Saturday, October 31, 2009
The Truth About God, or my best attempt at a definitive statement for those who like to endlessly debate the subject
The ancient gods were based on simple stories and assigned qualities and attributes that were eventually refuted by the practical scientific knowledge of their time, and so they became regarded as only myth. The modern gods have been assigned qualities such as omnipotence, infallibility, omniscience, in short – perfection, because those traits are both more vague, and easier to respect/fear/harder to argue with, especially for the ignorant/fearful.
The most basic intellectual truth about ‘god’ is that while we will probably never be able to prove/disprove he/she/its existence, we should be able to admit and understand that any/all names, notions, or qualities regarding any/all god/gods were created by humans, not human qualities by god.
People especially ought to stop assigning the most petty and trivial of human emotions to their gods.
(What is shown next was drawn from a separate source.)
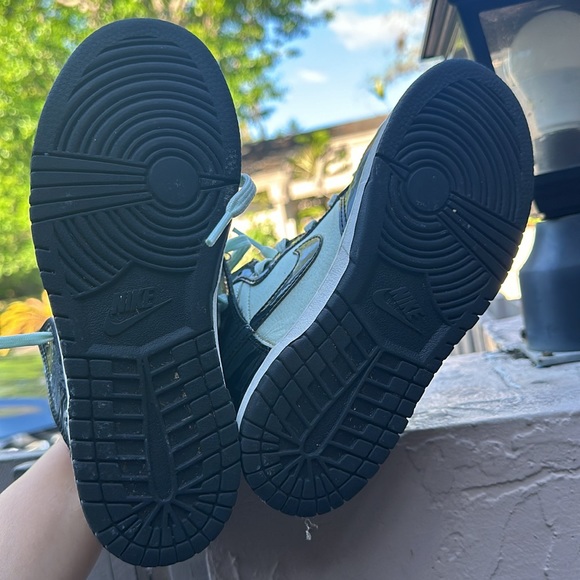 Nike dunks size 1 All star addition - Picture 4 of 4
An all-powerful, infinitely wise being (or energy) cannot possibly need to be worshiped or obeyed. Such a being does not, and cannot possibly need anyone’s misguided expressions of love and adulation to keep it going. A ‘perfect’ god, one capable of creating our universe/world/us cannot possibly be in any way akin to an attention-starved celebrity; it doesn’t need thanks, praise, or any other such thing as a child does, and it certainly doesn’t have fits of pique. Even if you allow yourself, after careful consideration, to honestly believe your god could need to be understood by its ‘subjects’, you’d then have to admit that the continued advancement of human knowledge is likely the best way to get ‘closer to god’, not being stuck in some tiny archaic prison of god’s potential wrath if you ‘disobey’.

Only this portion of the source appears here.